╭─ Exercise inputs
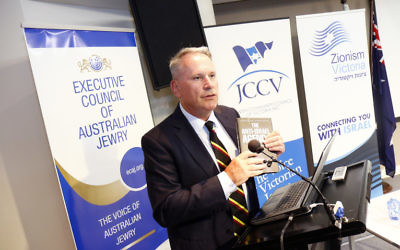 Colonel Richard Kemp with Alex Ryvchin's book, The Anti-Israel Agenda. Photo: Peter Haskin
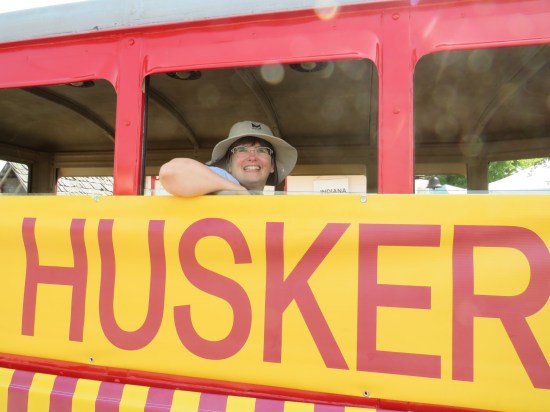 A smiling Anne sitting aboard that same bus, with only the "HUSKER" part of the sign in frame.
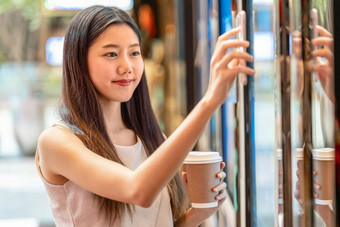 亚洲年轻的女人手使用聪明的移<strong>动</strong>电话扫描的电影票机为买和得到的优<strong>惠</strong>券部门商店生活方式和休闲娱乐和技术扫描仪概念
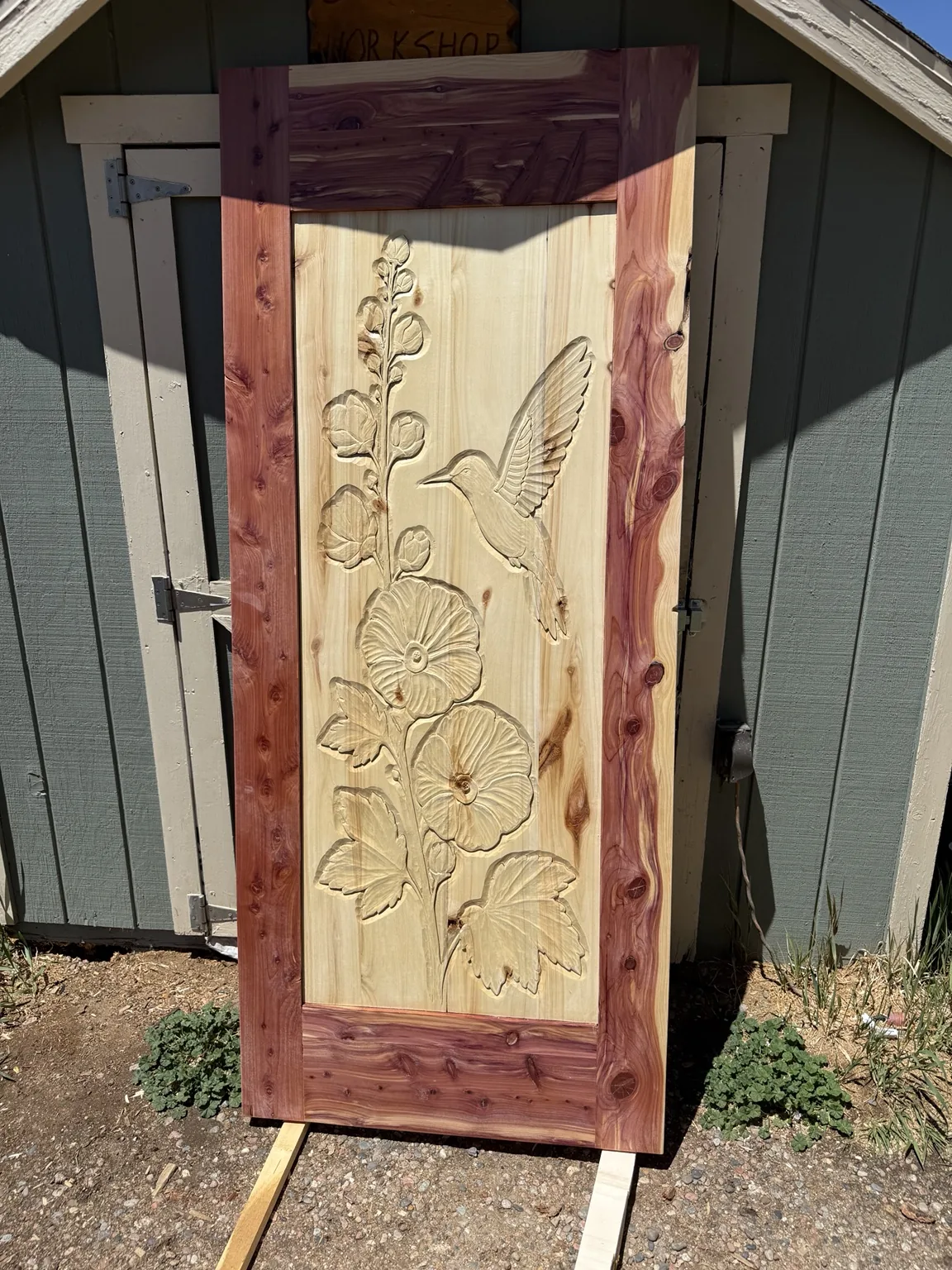 Carved hummingbird and hollyhock door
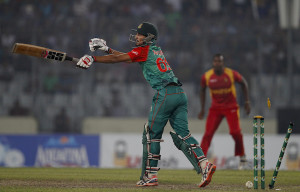 Bangladesh’s Nasir Hossain is bowled out by Zimbabwe’s Tinashe Panyangara during their second Twenty20 international cricket match in Dhaka, Bangladesh, Sunday, Nov. 15, 2015. (AP Photo/A.M. Ahad)
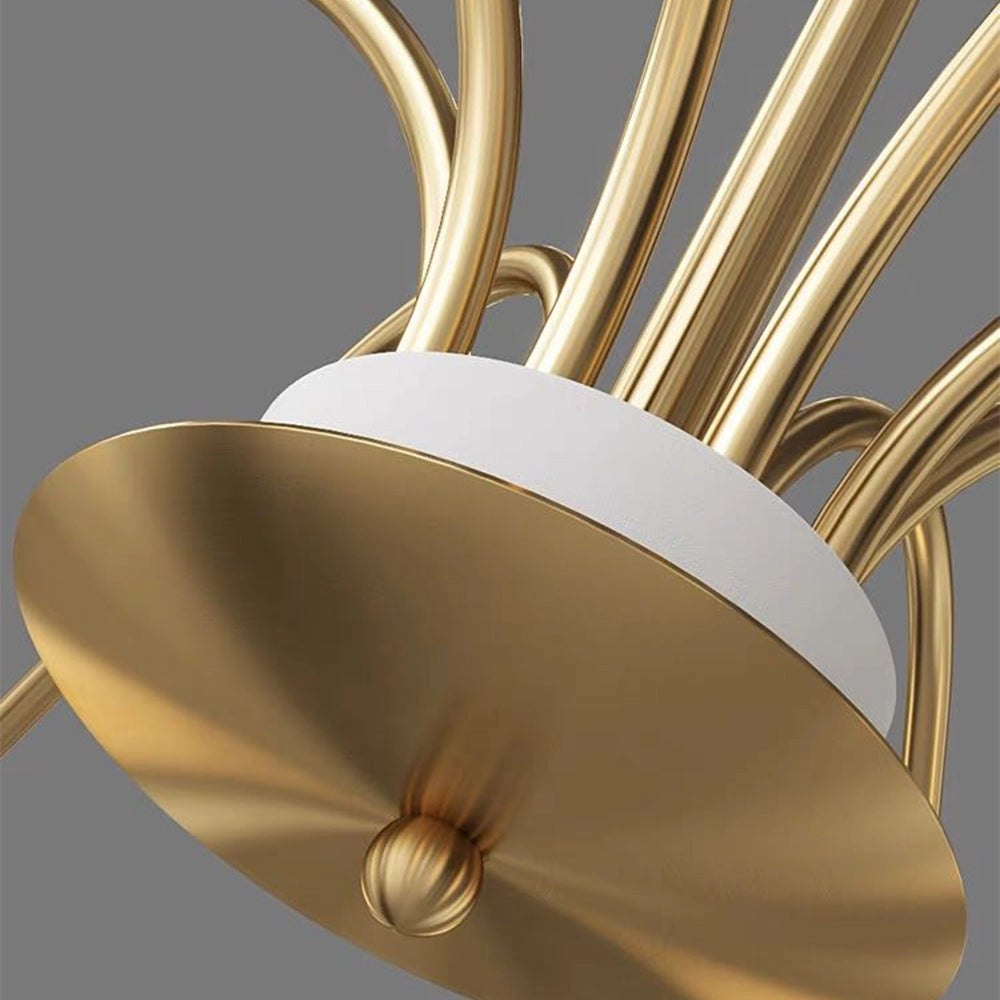 Modern gold chandelier with eight white glass globe lights and a brass finish hanging from the ceiling, showcasing a circular and artistic design.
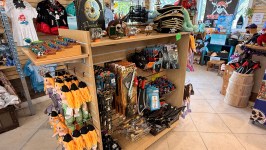 Shop interior with pirate-themed costumes, toys, and souvenirs.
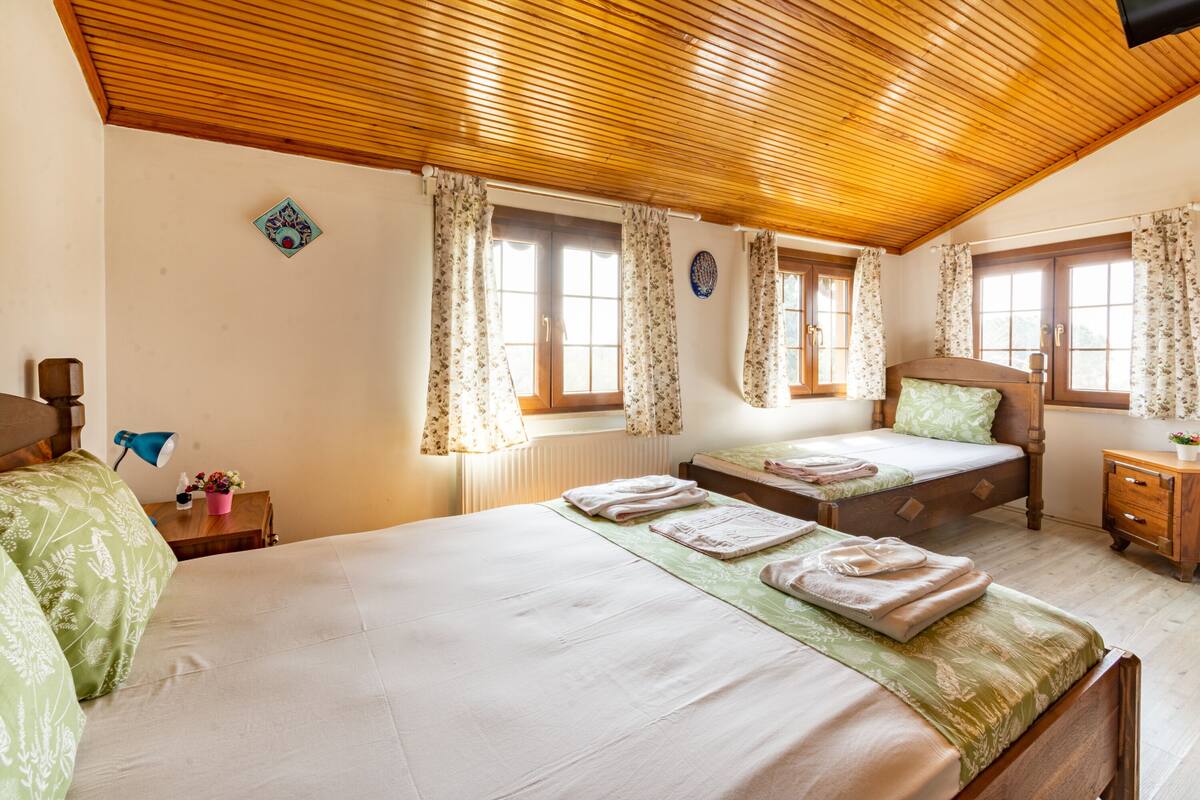 A room with two beds, wooden ceiling, floral curtains, and a small table with a lamp.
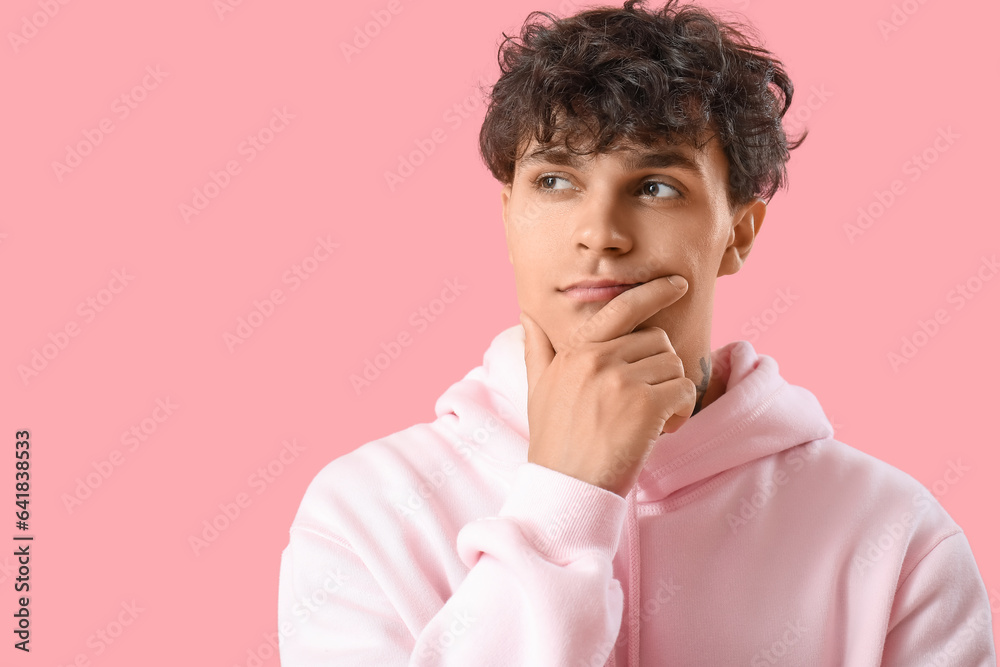 Portrait of pondering young man on pink background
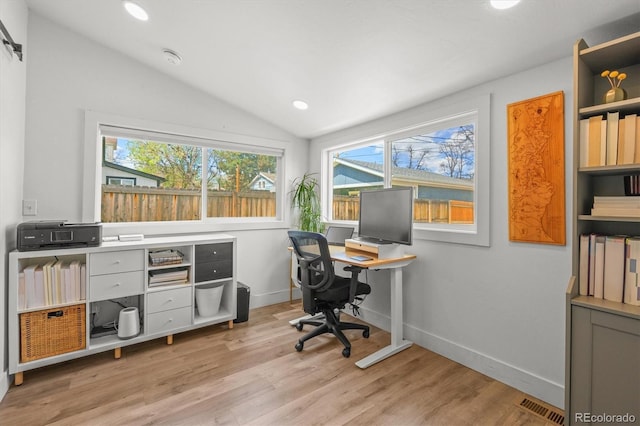 3317 W 37th Ave, Denver, CO 80211 - home office with recessed lighting, light wood-style floors, vaulted ceiling, and a healthy amount of sunlight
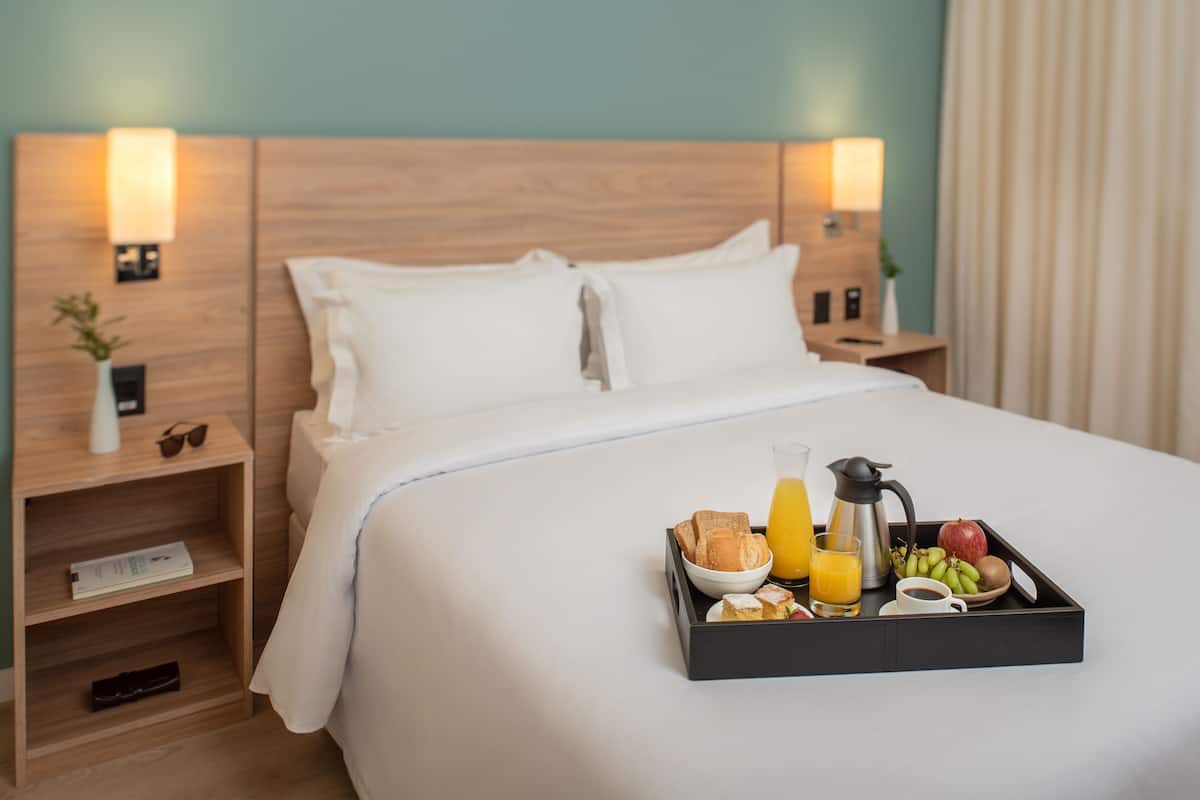 A hotel room with a neatly made bed, a tray of breakfast items, and bedside lamps.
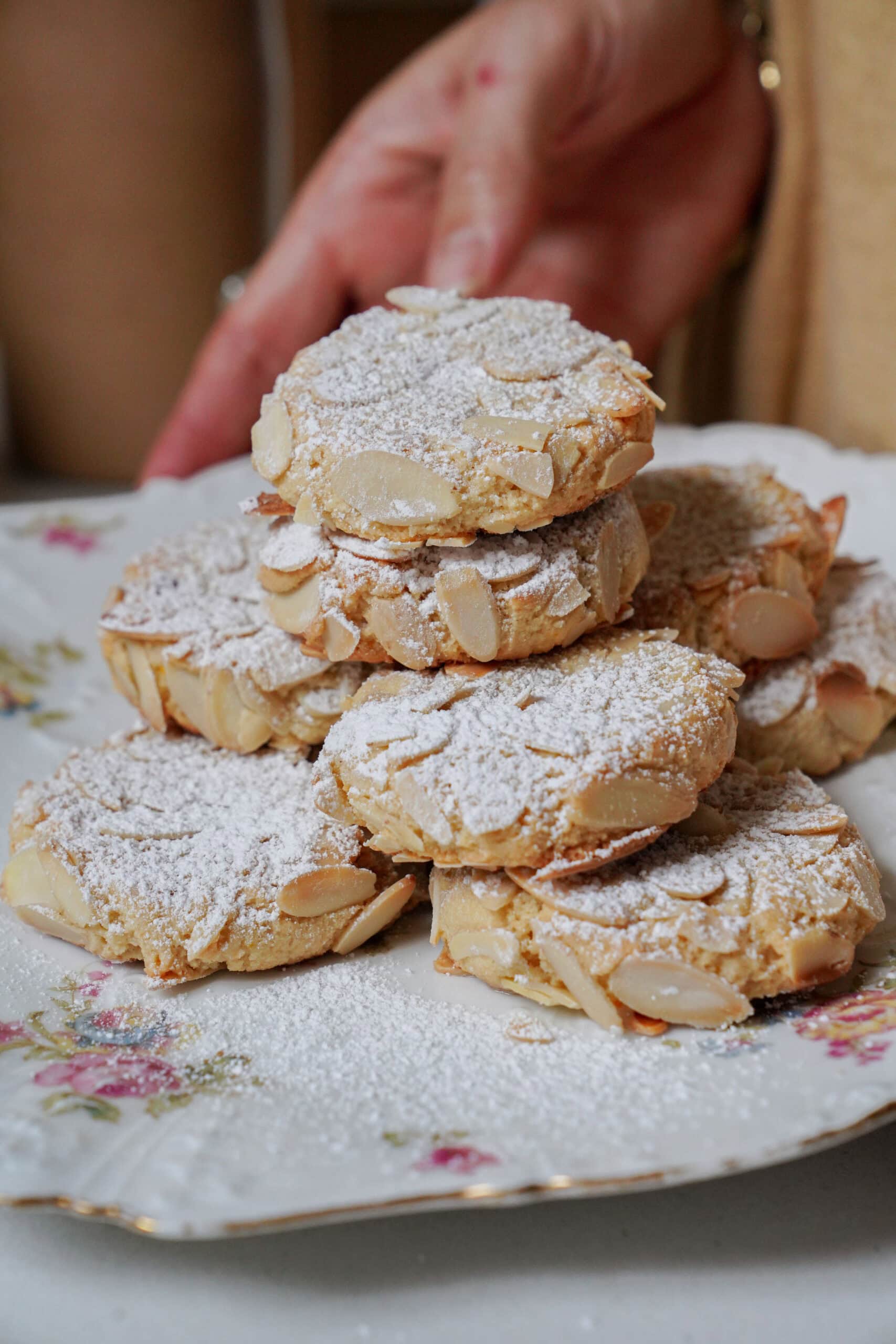 A stack of almond cookies dusted with powdered sugar on a floral china plate.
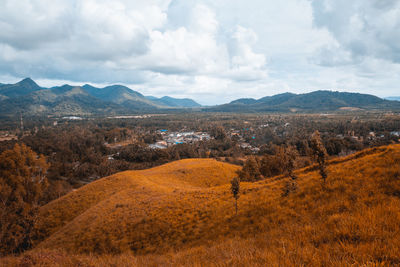 Scenic view of landscape and mountains against sky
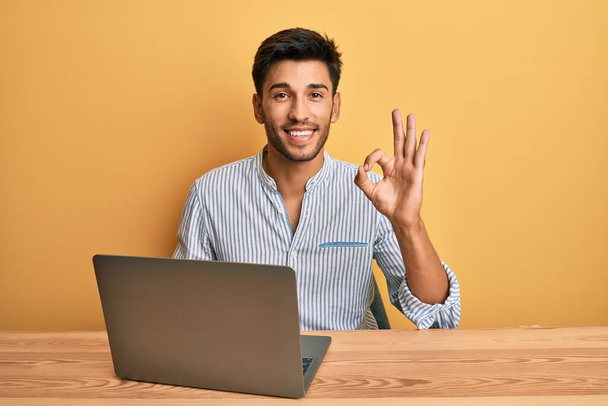 Молодий красивий чоловік, що працює в офісі з ноутбуком, робить знак ок з пальцями, посміхаючись дружній жест відмінний символ
  - Фото, зображення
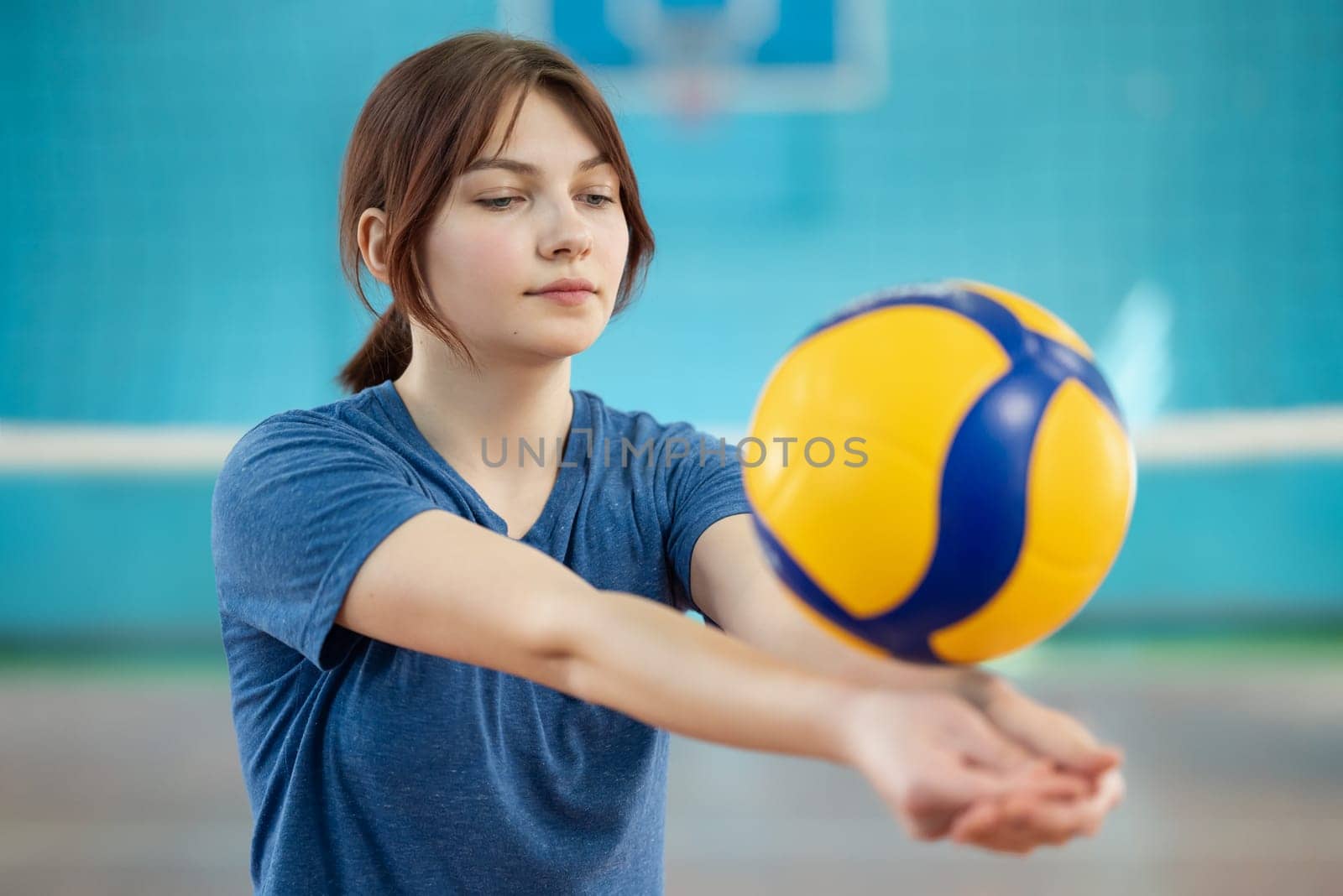 Young girl playing volleyball indoors by VitaliiPetrushenko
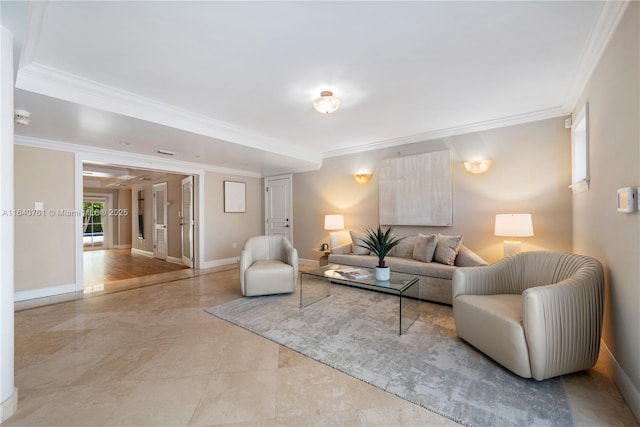 living room featuring crown molding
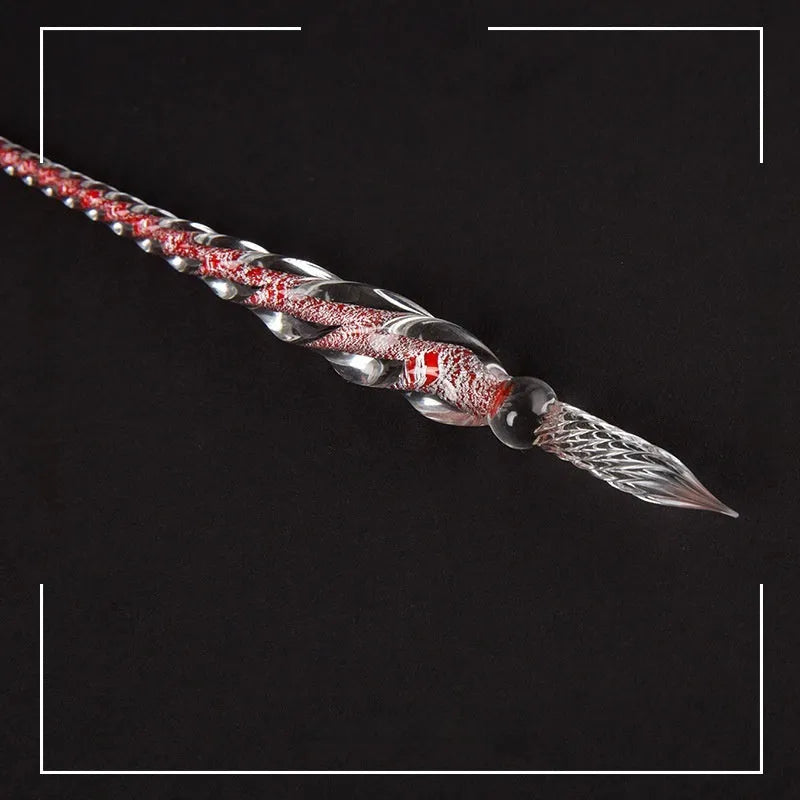 Transparent coloured glaze crystal pen in a gift box, showing abstract glass design.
╰─
Activity: All lines above starting at the one with "Portrait of pondering" and ending at the one with "3317 W 37th", inclusive, are to be printed again exactly, with the pictures left out.

Response area:
 Portrait of pondering young man on pink background
 3317 W 37th Ave, Denver, CO 80211 - home office with recessed lighting, light wood-style floors, vaulted ceiling, and a healthy amount of sunlight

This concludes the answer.